(Records drawn from a dataset)
· · · · · · ·
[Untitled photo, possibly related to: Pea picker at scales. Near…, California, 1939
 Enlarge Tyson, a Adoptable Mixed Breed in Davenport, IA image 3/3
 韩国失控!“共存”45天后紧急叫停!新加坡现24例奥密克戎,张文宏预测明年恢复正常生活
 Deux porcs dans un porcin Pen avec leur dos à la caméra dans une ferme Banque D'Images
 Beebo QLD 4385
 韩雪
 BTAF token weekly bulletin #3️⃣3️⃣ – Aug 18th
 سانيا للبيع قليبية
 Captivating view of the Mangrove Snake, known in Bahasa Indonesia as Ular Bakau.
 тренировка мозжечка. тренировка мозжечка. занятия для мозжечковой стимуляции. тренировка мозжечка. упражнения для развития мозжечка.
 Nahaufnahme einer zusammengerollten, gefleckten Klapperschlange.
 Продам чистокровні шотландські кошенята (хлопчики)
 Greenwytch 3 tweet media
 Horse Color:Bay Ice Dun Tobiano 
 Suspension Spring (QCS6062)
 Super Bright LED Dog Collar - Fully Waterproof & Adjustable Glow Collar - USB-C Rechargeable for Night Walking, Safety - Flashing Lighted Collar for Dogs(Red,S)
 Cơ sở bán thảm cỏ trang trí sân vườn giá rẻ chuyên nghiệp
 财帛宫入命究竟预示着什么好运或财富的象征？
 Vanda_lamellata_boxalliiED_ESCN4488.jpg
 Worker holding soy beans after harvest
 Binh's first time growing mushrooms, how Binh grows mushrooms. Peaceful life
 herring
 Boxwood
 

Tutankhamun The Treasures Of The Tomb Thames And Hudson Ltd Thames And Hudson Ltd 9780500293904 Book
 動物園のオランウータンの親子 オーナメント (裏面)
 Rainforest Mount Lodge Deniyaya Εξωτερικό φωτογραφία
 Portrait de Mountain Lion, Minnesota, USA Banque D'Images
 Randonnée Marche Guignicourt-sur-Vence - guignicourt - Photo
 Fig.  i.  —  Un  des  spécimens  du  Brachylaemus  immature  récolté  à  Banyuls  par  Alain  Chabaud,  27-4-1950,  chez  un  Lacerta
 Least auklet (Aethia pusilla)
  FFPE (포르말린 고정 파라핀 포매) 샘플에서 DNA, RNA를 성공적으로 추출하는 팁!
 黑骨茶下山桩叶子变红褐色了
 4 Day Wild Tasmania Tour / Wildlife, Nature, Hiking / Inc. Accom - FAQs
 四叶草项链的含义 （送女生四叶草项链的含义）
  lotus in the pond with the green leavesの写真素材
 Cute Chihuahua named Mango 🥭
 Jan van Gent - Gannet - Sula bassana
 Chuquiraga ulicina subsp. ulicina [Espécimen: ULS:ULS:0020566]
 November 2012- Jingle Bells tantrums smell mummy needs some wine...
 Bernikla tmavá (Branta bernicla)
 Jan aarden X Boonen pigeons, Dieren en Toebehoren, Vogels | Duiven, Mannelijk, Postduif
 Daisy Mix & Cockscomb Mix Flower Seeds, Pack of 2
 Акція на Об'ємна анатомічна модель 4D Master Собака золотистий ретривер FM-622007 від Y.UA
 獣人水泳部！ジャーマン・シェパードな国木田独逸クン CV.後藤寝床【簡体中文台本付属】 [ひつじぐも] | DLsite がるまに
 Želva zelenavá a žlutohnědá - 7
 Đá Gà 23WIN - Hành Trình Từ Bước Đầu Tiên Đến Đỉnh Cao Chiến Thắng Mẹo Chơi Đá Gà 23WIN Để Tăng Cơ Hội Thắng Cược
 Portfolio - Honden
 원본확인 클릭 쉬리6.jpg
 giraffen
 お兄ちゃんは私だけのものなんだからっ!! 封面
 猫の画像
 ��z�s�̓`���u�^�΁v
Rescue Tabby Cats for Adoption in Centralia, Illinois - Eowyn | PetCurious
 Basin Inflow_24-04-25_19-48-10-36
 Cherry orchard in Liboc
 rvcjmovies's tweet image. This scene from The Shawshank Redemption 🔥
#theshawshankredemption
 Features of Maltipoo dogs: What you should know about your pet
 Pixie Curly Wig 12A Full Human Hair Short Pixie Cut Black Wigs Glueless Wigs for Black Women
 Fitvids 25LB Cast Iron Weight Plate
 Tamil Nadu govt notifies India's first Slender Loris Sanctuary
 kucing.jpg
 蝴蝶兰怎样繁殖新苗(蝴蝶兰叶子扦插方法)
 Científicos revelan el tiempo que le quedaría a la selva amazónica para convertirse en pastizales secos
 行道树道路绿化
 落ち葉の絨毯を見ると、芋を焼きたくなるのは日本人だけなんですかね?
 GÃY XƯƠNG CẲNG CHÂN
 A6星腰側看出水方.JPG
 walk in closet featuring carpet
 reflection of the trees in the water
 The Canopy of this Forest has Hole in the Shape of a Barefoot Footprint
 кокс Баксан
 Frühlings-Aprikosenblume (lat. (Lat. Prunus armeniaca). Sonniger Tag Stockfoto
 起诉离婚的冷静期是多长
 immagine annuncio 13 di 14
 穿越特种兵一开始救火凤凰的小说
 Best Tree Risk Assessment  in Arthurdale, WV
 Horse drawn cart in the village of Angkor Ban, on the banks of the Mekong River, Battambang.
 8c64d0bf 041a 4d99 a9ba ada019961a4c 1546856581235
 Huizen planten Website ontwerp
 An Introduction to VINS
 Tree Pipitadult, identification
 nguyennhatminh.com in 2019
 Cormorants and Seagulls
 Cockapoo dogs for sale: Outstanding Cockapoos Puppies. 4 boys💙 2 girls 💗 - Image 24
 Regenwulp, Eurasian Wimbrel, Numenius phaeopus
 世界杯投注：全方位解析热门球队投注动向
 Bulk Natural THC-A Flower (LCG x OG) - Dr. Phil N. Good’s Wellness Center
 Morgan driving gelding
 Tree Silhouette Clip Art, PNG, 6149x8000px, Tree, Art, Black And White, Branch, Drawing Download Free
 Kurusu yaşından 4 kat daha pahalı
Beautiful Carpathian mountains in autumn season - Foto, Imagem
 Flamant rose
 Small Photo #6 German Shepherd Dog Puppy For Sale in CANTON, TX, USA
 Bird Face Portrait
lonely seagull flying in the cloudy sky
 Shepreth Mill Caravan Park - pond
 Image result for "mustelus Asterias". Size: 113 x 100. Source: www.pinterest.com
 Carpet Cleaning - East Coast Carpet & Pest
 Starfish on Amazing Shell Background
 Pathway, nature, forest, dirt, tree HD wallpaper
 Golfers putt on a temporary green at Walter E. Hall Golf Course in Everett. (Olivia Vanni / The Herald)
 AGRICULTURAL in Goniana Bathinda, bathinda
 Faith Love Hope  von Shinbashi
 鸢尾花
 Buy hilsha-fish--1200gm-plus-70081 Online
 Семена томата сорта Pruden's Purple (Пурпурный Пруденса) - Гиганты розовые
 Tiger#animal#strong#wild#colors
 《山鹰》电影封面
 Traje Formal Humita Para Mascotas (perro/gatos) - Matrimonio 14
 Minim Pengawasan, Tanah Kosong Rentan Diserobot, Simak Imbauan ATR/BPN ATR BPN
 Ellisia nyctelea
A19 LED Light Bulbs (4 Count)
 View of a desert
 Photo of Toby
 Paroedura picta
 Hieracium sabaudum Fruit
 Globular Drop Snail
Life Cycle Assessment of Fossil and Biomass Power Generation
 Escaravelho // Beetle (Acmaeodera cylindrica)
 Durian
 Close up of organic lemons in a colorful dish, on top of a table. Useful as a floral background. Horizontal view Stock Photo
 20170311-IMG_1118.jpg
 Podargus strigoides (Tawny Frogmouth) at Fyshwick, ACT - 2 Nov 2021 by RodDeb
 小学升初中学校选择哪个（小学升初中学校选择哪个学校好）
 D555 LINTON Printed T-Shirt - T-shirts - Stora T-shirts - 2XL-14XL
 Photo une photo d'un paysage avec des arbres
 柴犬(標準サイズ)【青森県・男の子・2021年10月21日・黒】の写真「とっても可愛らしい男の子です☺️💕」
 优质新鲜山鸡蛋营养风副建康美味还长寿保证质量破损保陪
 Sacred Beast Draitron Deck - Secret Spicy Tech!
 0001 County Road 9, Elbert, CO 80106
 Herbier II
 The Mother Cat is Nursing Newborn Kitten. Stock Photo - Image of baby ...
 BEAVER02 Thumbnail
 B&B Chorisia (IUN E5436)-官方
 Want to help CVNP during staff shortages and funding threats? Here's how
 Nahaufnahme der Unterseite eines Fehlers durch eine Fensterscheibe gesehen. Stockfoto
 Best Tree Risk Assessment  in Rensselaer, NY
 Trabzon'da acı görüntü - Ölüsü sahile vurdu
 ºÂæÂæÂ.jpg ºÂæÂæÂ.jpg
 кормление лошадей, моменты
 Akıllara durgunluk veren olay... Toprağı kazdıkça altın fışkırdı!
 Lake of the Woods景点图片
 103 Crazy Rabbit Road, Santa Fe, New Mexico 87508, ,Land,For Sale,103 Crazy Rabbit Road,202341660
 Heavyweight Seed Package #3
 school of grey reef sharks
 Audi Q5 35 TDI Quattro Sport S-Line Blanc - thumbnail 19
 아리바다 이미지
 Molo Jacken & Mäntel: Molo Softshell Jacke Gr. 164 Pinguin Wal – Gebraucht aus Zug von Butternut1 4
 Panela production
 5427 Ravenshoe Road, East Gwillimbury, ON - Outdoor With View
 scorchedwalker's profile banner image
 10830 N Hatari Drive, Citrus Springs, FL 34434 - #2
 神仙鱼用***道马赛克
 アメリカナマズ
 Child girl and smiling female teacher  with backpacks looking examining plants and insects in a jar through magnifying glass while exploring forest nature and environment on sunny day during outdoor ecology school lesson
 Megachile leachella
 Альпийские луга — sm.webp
· · · · · · ·
> EXERCISE DESCRIPTION: Copy out the lines above exactly, beginning at the one that contains "Portrait de Mountain" and ending at the one that contains "Jan aarden X".

> EXERCISE RESPONSE:
 Portrait de Mountain Lion, Minnesota, USA Banque D'Images
 Randonnée Marche Guignicourt-sur-Vence - guignicourt - Photo
 Fig.  i.  —  Un  des  spécimens  du  Brachylaemus  immature  récolté  à  Banyuls  par  Alain  Chabaud,  27-4-1950,  chez  un  Lacerta
 Least auklet (Aethia pusilla)
  FFPE (포르말린 고정 파라핀 포매) 샘플에서 DNA, RNA를 성공적으로 추출하는 팁!
 黑骨茶下山桩叶子变红褐色了
 4 Day Wild Tasmania Tour / Wildlife, Nature, Hiking / Inc. Accom - FAQs
 四叶草项链的含义 （送女生四叶草项链的含义）
  lotus in the pond with the green leavesの写真素材
 Cute Chihuahua named Mango 🥭
 Jan van Gent - Gannet - Sula bassana
 Chuquiraga ulicina subsp. ulicina [Espécimen: ULS:ULS:0020566]
 November 2012- Jingle Bells tantrums smell mummy needs some wine...
 Bernikla tmavá (Branta bernicla)
 Jan aarden X Boonen pigeons, Dieren en Toebehoren, Vogels | Duiven, Mannelijk, Postduif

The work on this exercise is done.